··· Information

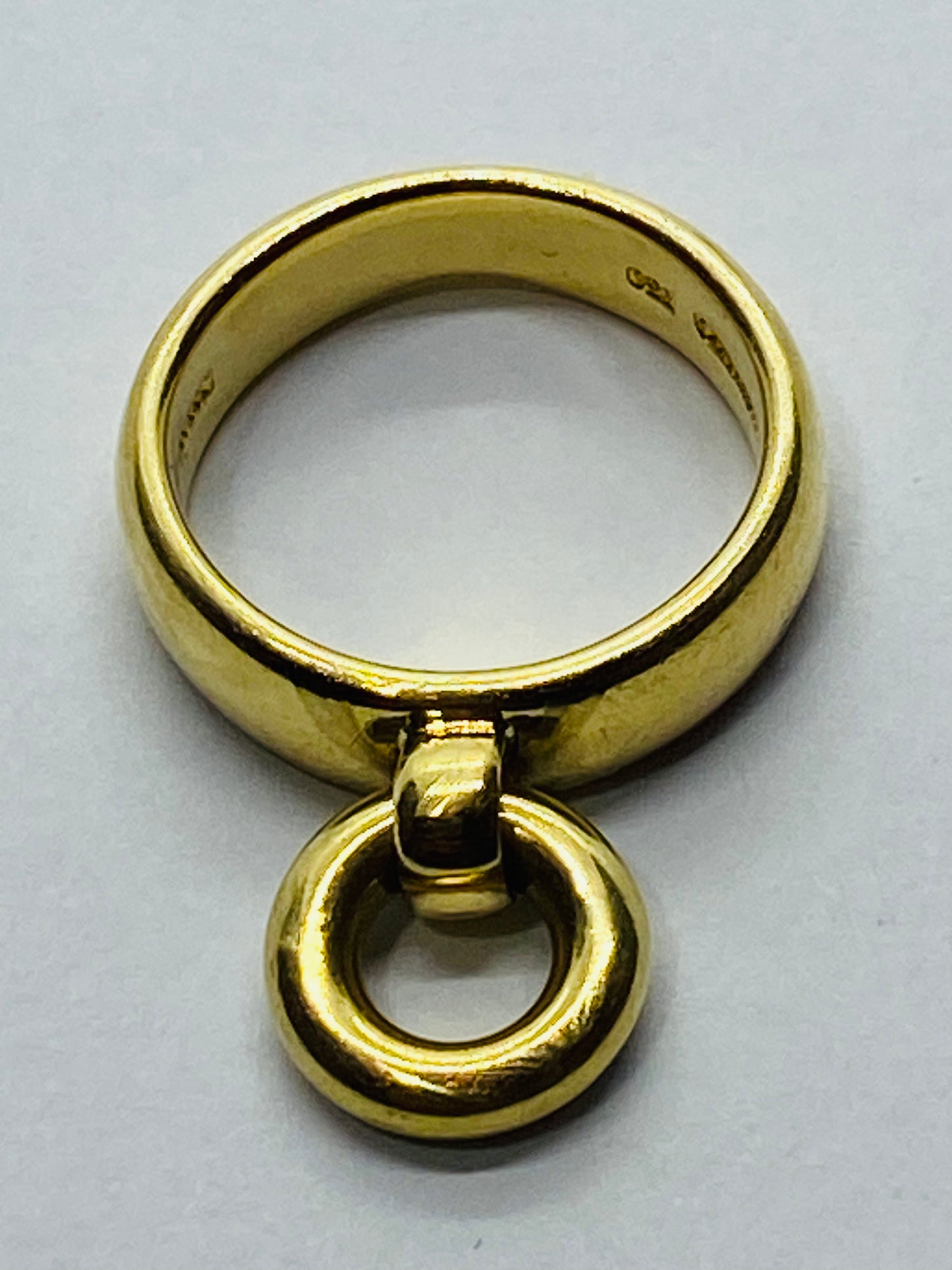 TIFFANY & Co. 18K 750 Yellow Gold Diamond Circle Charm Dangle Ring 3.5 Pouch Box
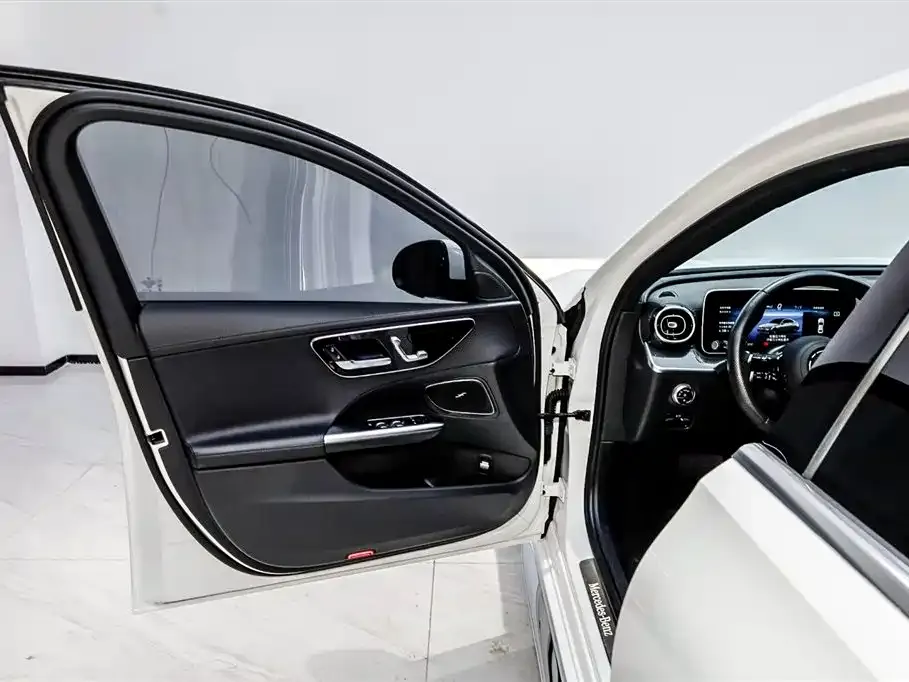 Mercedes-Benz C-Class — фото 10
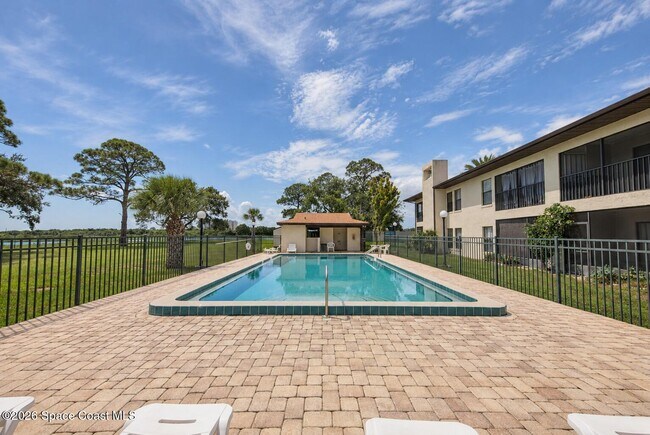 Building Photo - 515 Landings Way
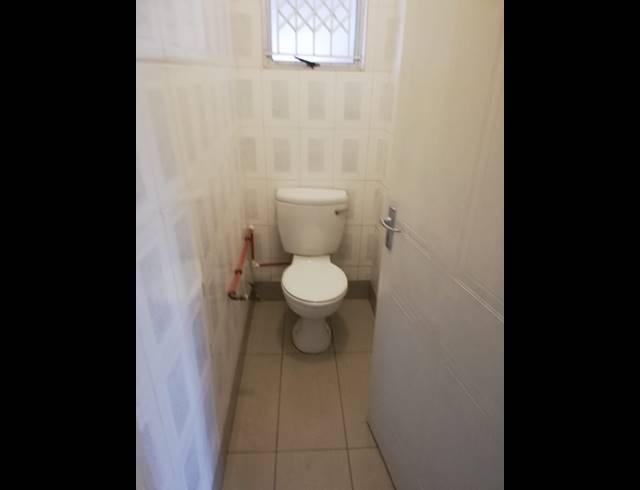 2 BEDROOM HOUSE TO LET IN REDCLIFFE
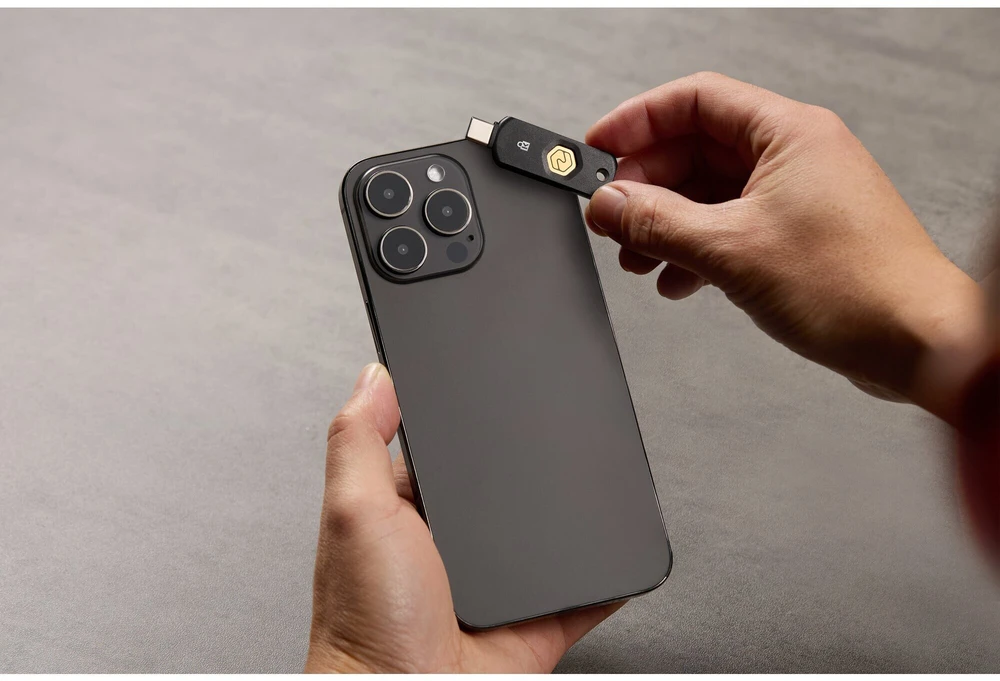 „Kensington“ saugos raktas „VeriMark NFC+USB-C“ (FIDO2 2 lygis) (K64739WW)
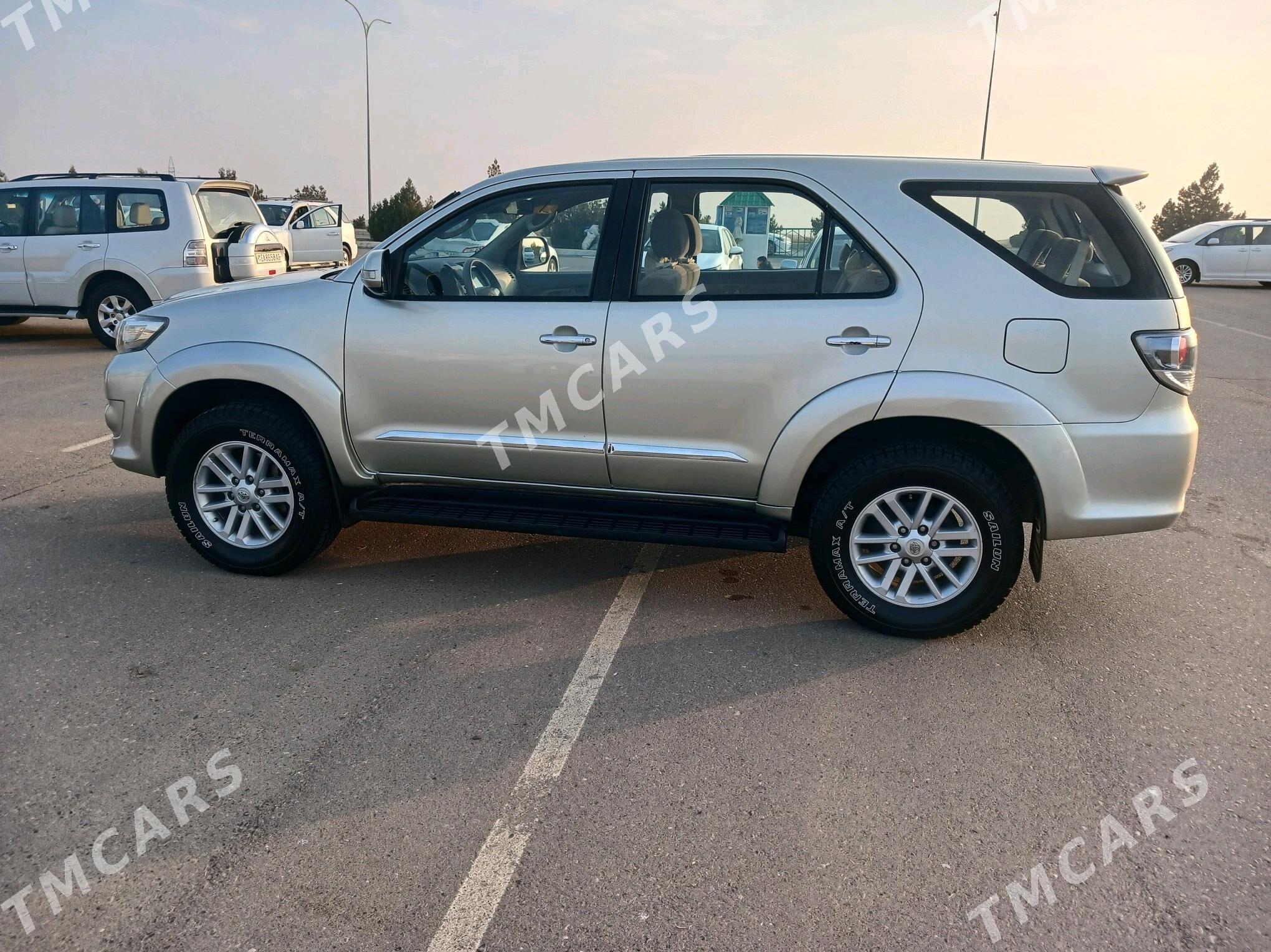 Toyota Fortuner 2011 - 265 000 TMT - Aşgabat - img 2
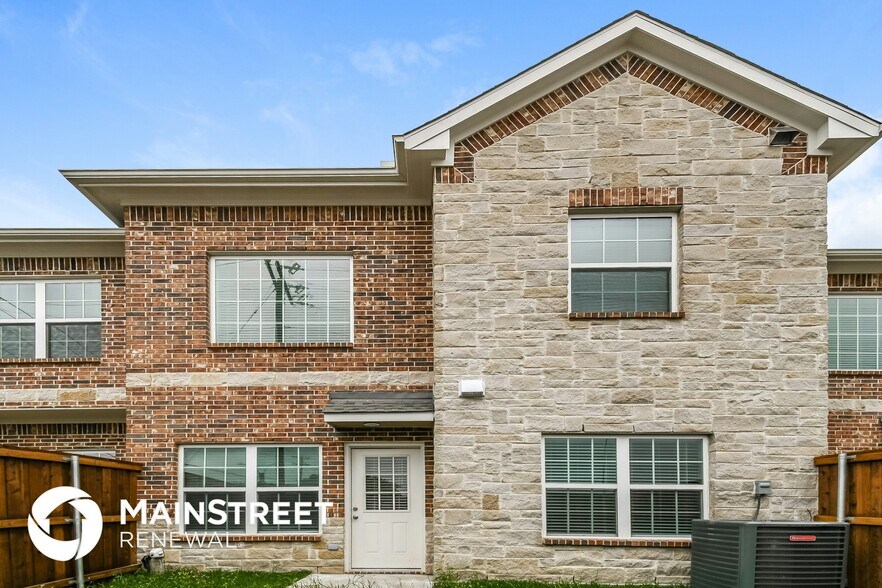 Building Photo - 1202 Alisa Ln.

······

Exercise goal: Please retype the lines from the one that contains "Mercedes-Benz C-Class — фото 10" through the final line of the data, both included, without any pictures.

Answer for the task:
 Mercedes-Benz C-Class — фото 10
 Building Photo - 515 Landings Way
 2 BEDROOM HOUSE TO LET IN REDCLIFFE
 „Kensington“ saugos raktas „VeriMark NFC+USB-C“ (FIDO2 2 lygis) (K64739WW)
 Toyota Fortuner 2011 - 265 000 TMT - Aşgabat - img 2
 Building Photo - 1202 Alisa Ln.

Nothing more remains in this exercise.